**The problem**: Without the pictures, give the listing below again exactly.

**Supplied information**:
⁂

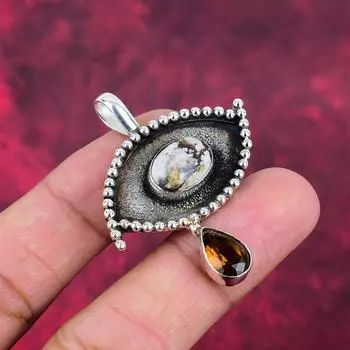 Подвеска из магнезита, подвеска из драгоценного камня ручной работы, подвеска из стерлингового серебра 925 пробы, антикварные ювелирные изделия, подвеска для подарка на помолвку 1.96 Inches белый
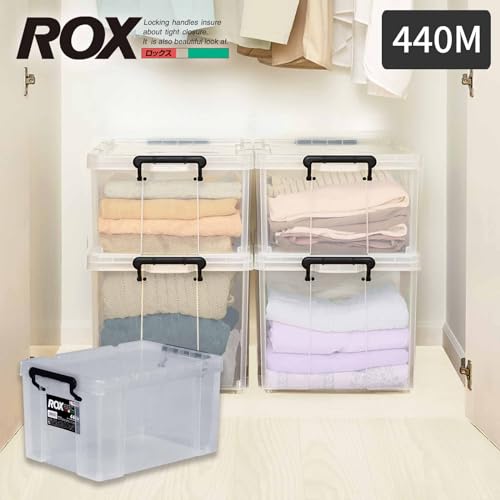 天馬 耐久性に特化した収納ボックス 防災 ロックス 440M クリアケース コンテナボックス 頑丈 衣装ケース プラケース ROX 【幅30×奥行44×高さ24.3cm】の特徴・詳細 画像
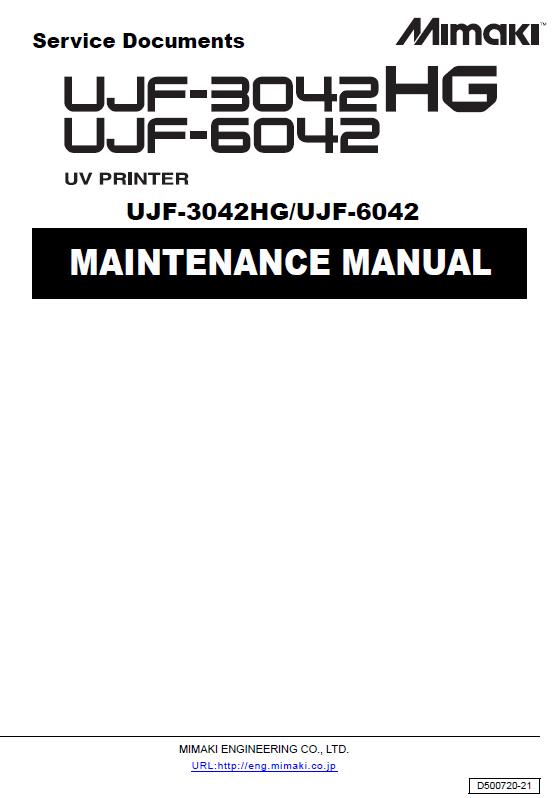 Mimaki UJF-3042HG/UJF-6042 Service Manual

⁂

**Expected answer**:
 Подвеска из магнезита, подвеска из драгоценного камня ручной работы, подвеска из стерлингового серебра 925 пробы, антикварные ювелирные изделия, подвеска для подарка на помолвку 1.96 Inches белый
 天馬 耐久性に特化した収納ボックス 防災 ロックス 440M クリアケース コンテナボックス 頑丈 衣装ケース プラケース ROX 【幅30×奥行44×高さ24.3cm】の特徴・詳細 画像
 Mimaki UJF-3042HG/UJF-6042 Service Manual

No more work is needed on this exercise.